[Data shown]

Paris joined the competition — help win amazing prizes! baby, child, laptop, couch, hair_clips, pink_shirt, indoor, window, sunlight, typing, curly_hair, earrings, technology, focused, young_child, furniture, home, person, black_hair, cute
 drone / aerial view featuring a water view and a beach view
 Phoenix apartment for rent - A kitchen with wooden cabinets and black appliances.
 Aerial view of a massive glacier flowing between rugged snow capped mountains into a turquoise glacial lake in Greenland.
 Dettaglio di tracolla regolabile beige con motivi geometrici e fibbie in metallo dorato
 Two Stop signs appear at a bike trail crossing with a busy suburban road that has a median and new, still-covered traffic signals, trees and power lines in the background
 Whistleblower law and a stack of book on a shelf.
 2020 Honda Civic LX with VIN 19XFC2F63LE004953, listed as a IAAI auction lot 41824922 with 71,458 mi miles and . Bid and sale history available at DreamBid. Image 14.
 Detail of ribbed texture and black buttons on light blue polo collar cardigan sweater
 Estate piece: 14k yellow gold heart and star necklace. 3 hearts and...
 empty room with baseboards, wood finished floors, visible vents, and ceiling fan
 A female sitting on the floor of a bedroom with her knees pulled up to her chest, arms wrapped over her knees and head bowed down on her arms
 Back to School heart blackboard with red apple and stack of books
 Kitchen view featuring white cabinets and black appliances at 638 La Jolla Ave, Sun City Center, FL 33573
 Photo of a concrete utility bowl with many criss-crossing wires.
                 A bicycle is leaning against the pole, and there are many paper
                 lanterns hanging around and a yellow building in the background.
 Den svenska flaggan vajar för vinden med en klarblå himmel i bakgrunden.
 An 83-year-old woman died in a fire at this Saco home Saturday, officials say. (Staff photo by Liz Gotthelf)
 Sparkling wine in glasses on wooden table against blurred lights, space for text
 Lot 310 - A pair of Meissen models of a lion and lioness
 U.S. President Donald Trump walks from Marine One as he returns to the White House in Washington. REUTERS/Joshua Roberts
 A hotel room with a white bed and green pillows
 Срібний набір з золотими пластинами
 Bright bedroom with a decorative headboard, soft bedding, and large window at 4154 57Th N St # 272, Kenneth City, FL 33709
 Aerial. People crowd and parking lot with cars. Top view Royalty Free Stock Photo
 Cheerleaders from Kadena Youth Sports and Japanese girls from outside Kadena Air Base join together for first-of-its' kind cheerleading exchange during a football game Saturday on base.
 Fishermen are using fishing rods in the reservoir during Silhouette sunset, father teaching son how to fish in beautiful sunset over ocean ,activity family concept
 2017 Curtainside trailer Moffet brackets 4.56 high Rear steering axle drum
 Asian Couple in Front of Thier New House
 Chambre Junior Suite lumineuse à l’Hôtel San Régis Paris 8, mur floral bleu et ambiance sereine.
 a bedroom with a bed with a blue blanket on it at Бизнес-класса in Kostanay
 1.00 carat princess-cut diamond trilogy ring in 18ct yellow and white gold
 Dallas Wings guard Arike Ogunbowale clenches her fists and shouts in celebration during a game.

[/Data shown]

What the exercise asks: Using the entries above, return exactly the lines from the line with "Sparkling wine in" to the line with "Chambre Junior Suite", counting both of those lines.

Reply to the exercise:
 Sparkling wine in glasses on wooden table against blurred lights, space for text
 Lot 310 - A pair of Meissen models of a lion and lioness
 U.S. President Donald Trump walks from Marine One as he returns to the White House in Washington. REUTERS/Joshua Roberts
 A hotel room with a white bed and green pillows
 Срібний набір з золотими пластинами
 Bright bedroom with a decorative headboard, soft bedding, and large window at 4154 57Th N St # 272, Kenneth City, FL 33709
 Aerial. People crowd and parking lot with cars. Top view Royalty Free Stock Photo
 Cheerleaders from Kadena Youth Sports and Japanese girls from outside Kadena Air Base join together for first-of-its' kind cheerleading exchange during a football game Saturday on base.
 Fishermen are using fishing rods in the reservoir during Silhouette sunset, father teaching son how to fish in beautiful sunset over ocean ,activity family concept
 2017 Curtainside trailer Moffet brackets 4.56 high Rear steering axle drum
 Asian Couple in Front of Thier New House
 Chambre Junior Suite lumineuse à l’Hôtel San Régis Paris 8, mur floral bleu et ambiance sereine.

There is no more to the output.